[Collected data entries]
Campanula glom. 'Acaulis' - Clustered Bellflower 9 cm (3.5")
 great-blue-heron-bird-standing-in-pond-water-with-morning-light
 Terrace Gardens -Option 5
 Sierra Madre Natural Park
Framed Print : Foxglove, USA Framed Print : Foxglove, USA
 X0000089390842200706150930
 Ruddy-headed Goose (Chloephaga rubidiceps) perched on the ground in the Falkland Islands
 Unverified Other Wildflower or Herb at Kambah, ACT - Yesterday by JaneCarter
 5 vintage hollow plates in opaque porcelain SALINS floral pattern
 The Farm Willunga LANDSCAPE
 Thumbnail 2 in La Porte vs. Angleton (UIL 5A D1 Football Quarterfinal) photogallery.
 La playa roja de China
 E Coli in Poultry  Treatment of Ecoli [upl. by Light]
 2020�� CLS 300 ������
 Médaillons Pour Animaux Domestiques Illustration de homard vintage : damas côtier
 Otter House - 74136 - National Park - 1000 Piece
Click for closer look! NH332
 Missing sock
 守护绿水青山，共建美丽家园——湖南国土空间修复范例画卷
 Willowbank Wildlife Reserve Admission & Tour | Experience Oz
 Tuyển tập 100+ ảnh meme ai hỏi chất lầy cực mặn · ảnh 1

• _What needs to be done_
Among the records above, repeat exactly the line with "great-blue-heron-bird-standing-in-pond-water-with-morning-light", the line with "The Farm Willunga LANDSCAPE", and every line in between, and only those.

• _Answer to the exercise_
 great-blue-heron-bird-standing-in-pond-water-with-morning-light
 Terrace Gardens -Option 5
 Sierra Madre Natural Park
Framed Print : Foxglove, USA Framed Print : Foxglove, USA
 X0000089390842200706150930
 Ruddy-headed Goose (Chloephaga rubidiceps) perched on the ground in the Falkland Islands
 Unverified Other Wildflower or Herb at Kambah, ACT - Yesterday by JaneCarter
 5 vintage hollow plates in opaque porcelain SALINS floral pattern
 The Farm Willunga LANDSCAPE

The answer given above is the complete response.